Lisa Pfueller Davidson, Ph.D., is a historian with Heritage Documentation Programs of the National Park Service. Her work on ABMC is part of a multi-year documentation effort by ABMC and the Historic American Landscapes Survey (HALS) leading up to the World War I Centennial.

Over There: World War I Overseas Cemeteries and Memorials of the American Battle Monuments 

Lecture by Lisa Pfueller Davidson, PhD
November 11


Located in the Brookeville Historic District in Montgomery County, Madison House is the oldest and arguably the most significant structure in this once bustling market town founded by local Quakers. The house was erected ca. 1798 as the residence and store of Caleb Bentley and is a vernacular expression of the Federal style. It is elegantly understated and includes many architectural refinements, yet as originally planned it lacked the formality common to other houses in the region constructed both for families of middling status and the more affluent. Madison House was later altered and expanded to conform to rising and more rigidly defined middle-class expectations, providing a case study for the evolving use of domestic space as it related to gentility and class formation in the early nineteenth century.
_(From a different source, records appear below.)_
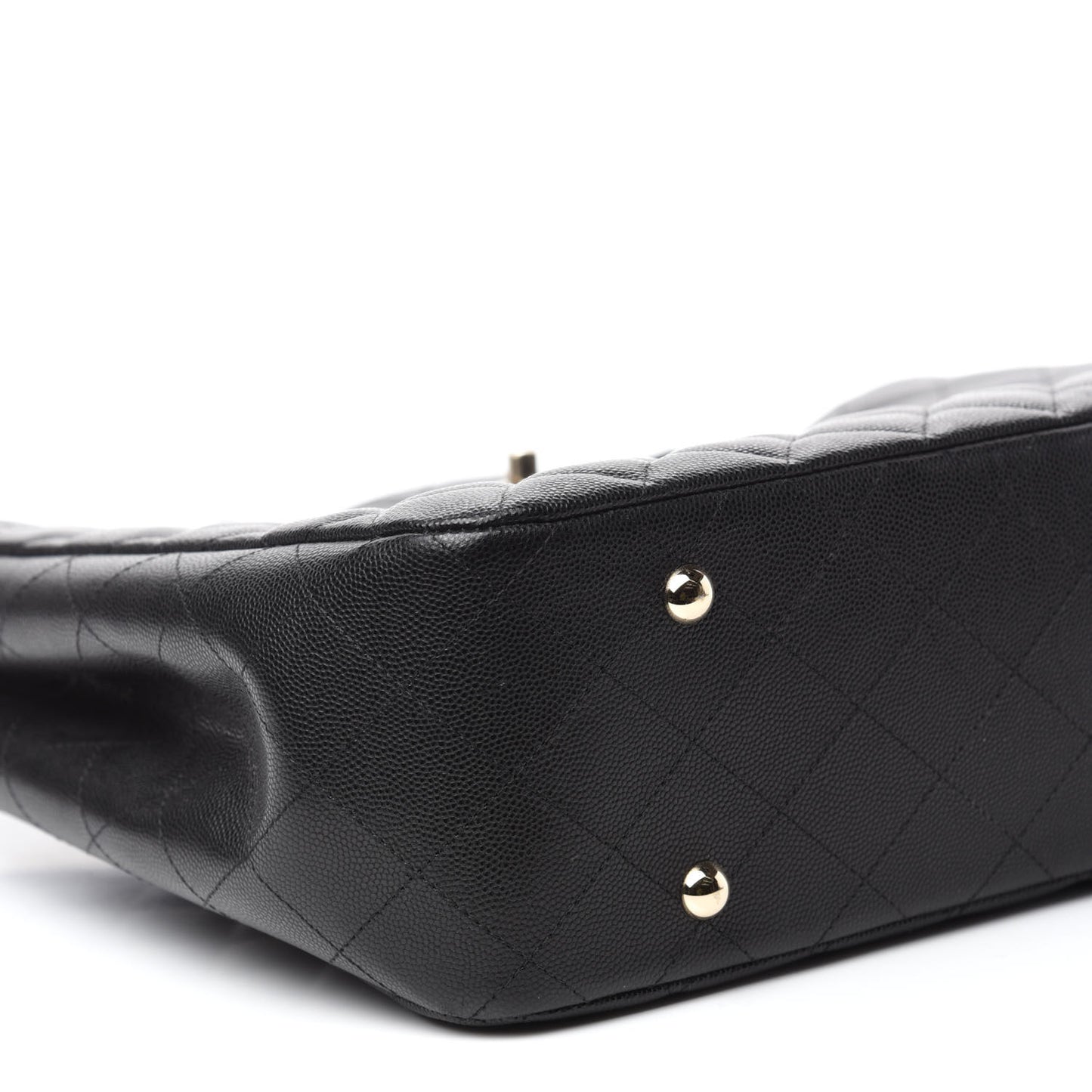 Caviar Quilted Large Classic Shopping Tote Black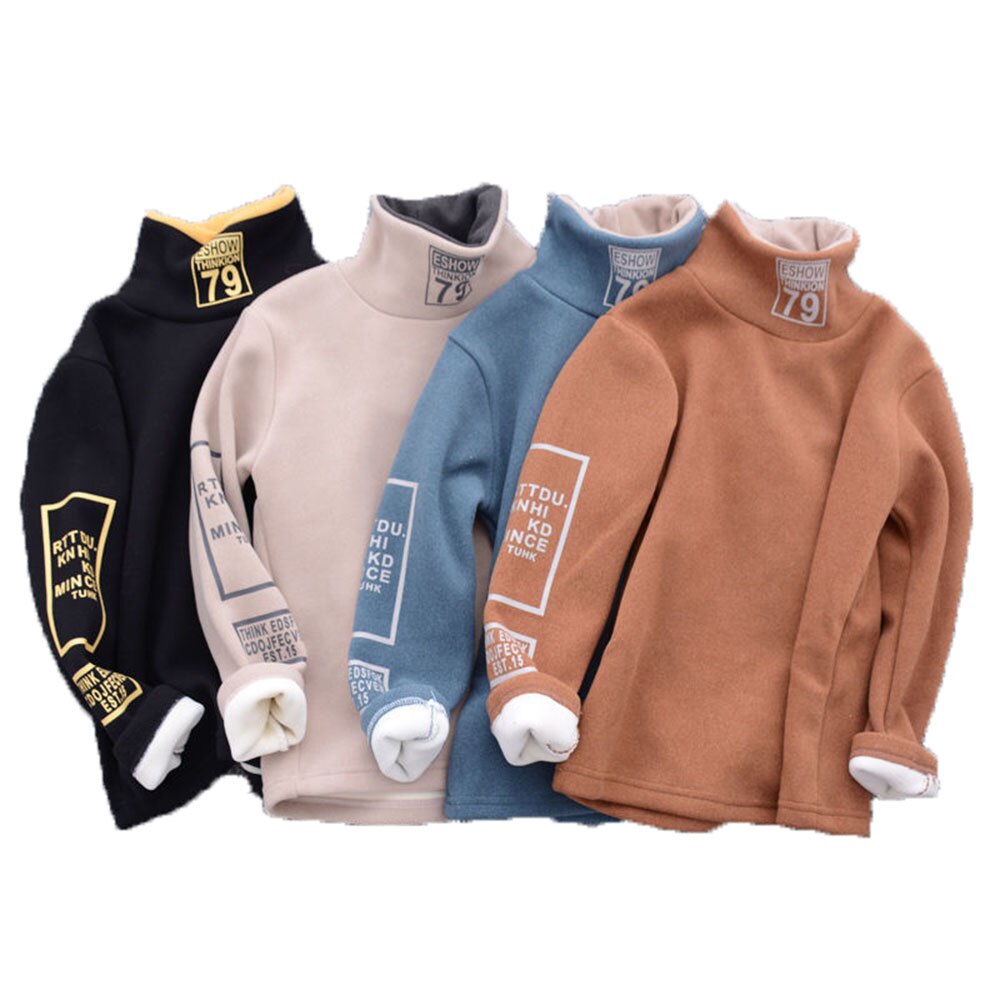 Kinderen Truien Plus Fluwelen Verdikking Jongens En Meisjes Herfst En Winter Grote Kinderen T-shirt Kinderen Dieptepunt Shirt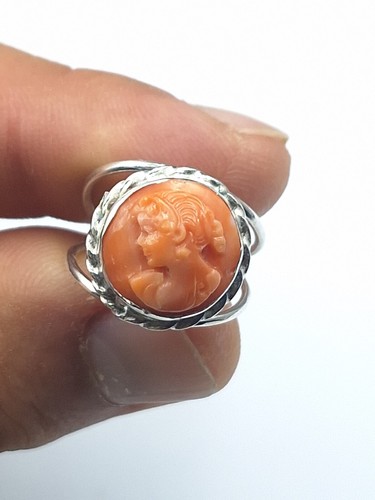 Anello cameo vero corallo - anello,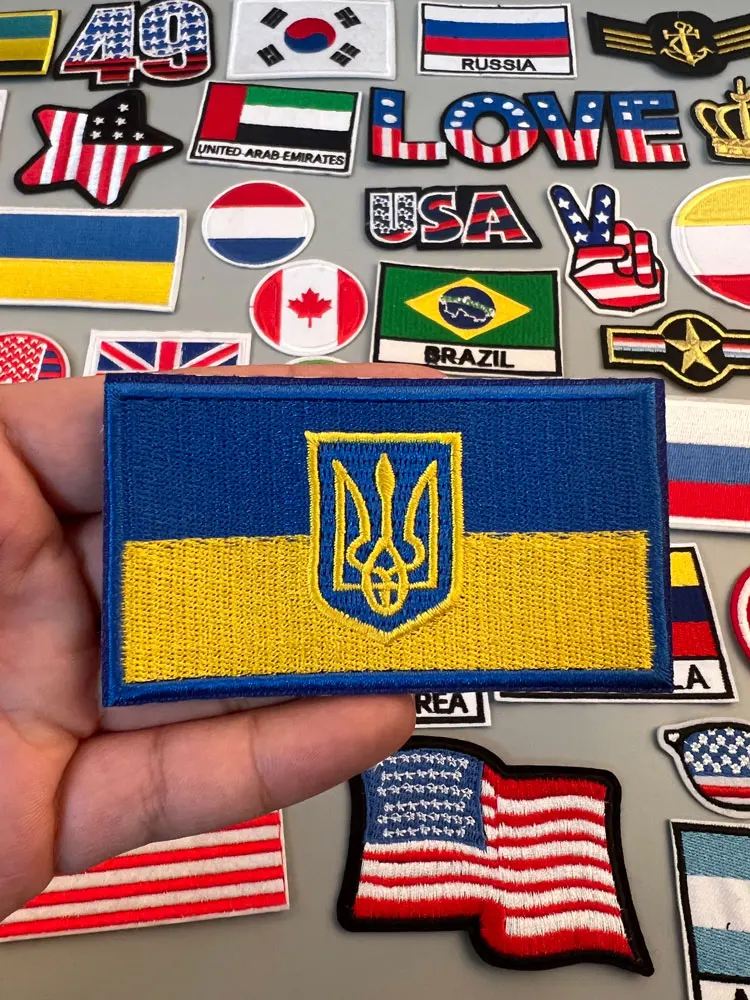 Ukraina Military Patch termo-samoprzylepne litery na ubrania flaga narodowa haftowane naszywki na odzież łatka do odzieży topliwej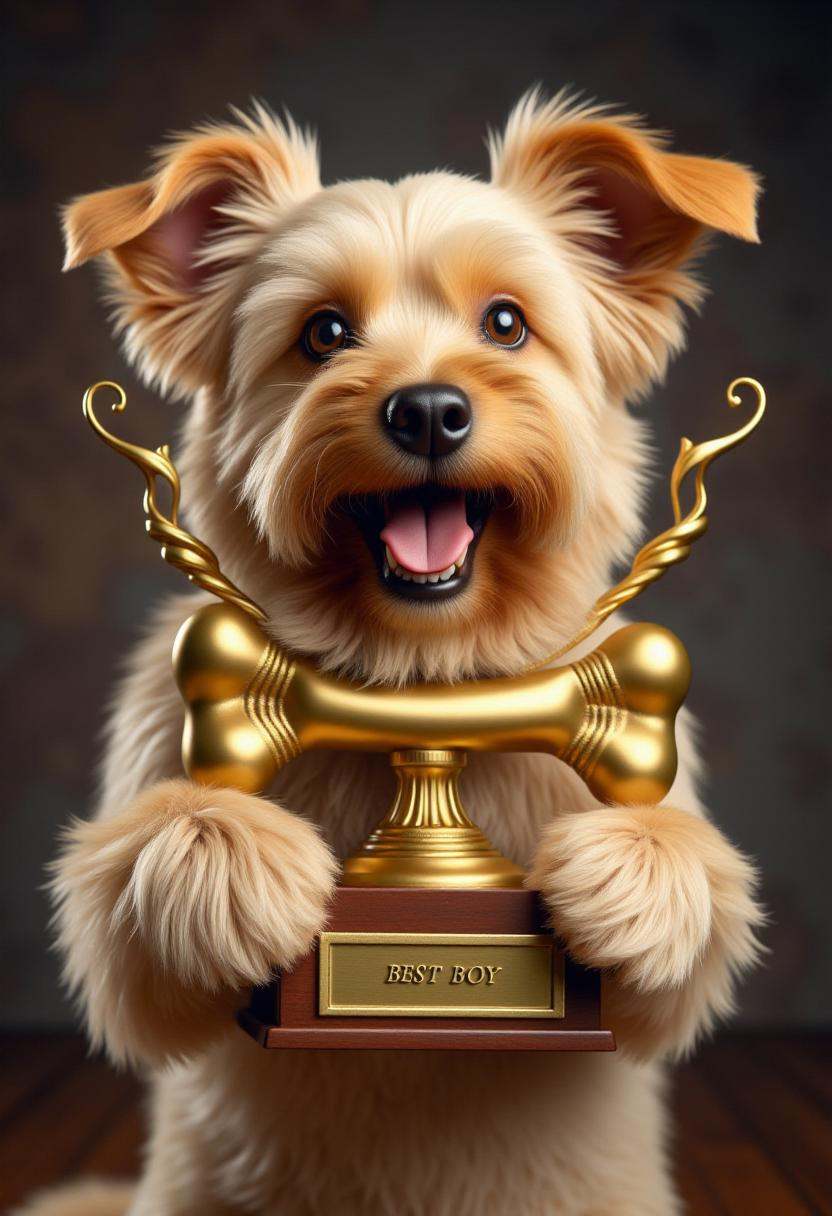 The image is a photograph featuring a dog holding a golden bone trophy with nameplate text engraved "BEST BOY". on Tensor.Art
Madison House also holds a significant place in the history of the War of 1812. Its present name originated with its use in 1814 as a place of refuge by President James Madison and others fleeing Washington when the British invaded and set fire to the city. The careful stewardship of Madison House was recognized in 2012 when it received the Washington Post award for best historic rehabilitation.

Sandy Heiler, homeowner and Vice Chairman, Montgomery County Historic Preservation Commission, and Catherine Lavoie, Chief, Historic American Buildings Survey, will lead the tour. Guidebooks for a short self-guided walking tour of the Brookeville Historic District will also be made available.